What you will do
For the entries that follow, retype exactly the lines from the one containing "Elegant banquet hall" to the one containing "Dog-ear wood privacy", inclusive, and only those. Images stay out of the copy.

Available data

════════════════════

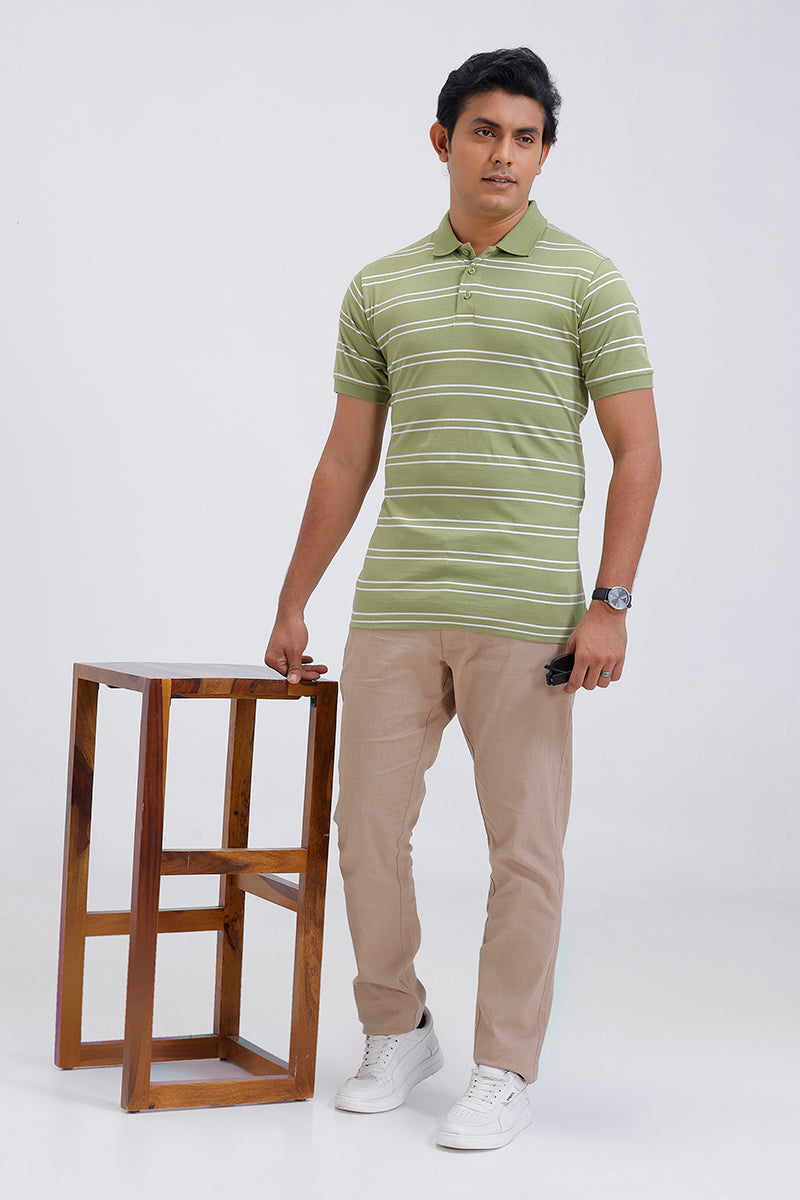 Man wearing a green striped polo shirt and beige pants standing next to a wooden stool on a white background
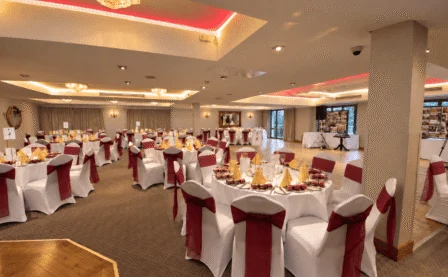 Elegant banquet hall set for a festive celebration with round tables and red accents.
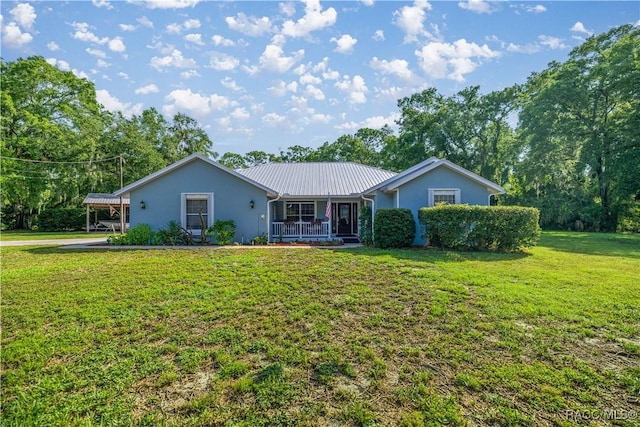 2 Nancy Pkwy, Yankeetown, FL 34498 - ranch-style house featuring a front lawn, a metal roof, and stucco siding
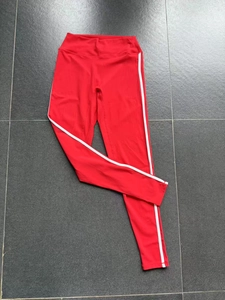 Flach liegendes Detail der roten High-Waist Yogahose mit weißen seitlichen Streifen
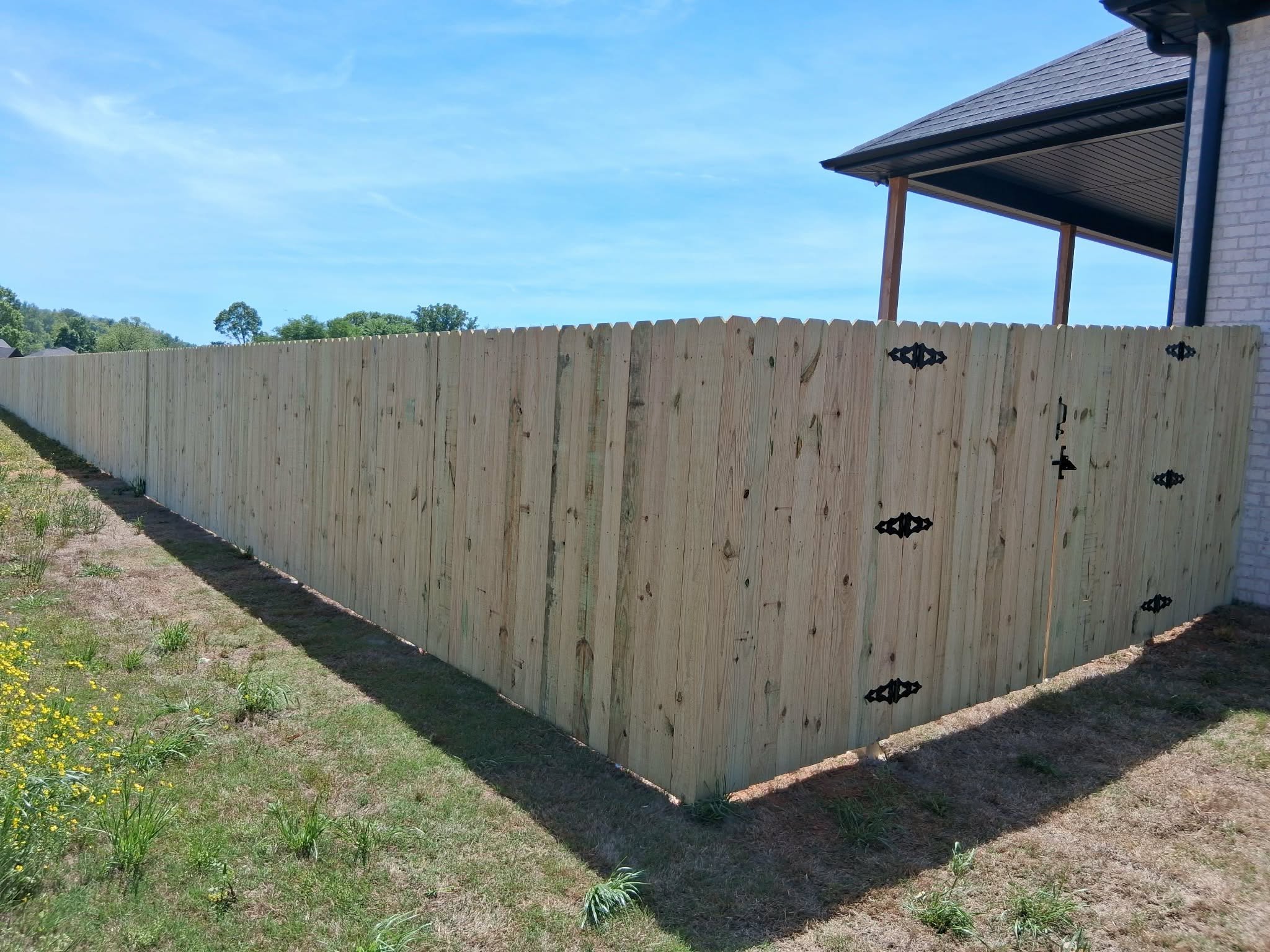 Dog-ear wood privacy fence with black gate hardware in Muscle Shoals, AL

════════════════════

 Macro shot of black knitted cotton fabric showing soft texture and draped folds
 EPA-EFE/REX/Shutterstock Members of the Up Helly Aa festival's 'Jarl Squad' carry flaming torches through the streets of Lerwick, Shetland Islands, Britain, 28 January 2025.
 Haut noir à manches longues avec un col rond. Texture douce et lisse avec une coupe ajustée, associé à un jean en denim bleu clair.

════════════════════

The completed task
 Elegant banquet hall set for a festive celebration with round tables and red accents.
 2 Nancy Pkwy, Yankeetown, FL 34498 - ranch-style house featuring a front lawn, a metal roof, and stucco siding
 Flach liegendes Detail der roten High-Waist Yogahose mit weißen seitlichen Streifen
 Dog-ear wood privacy fence with black gate hardware in Muscle Shoals, AL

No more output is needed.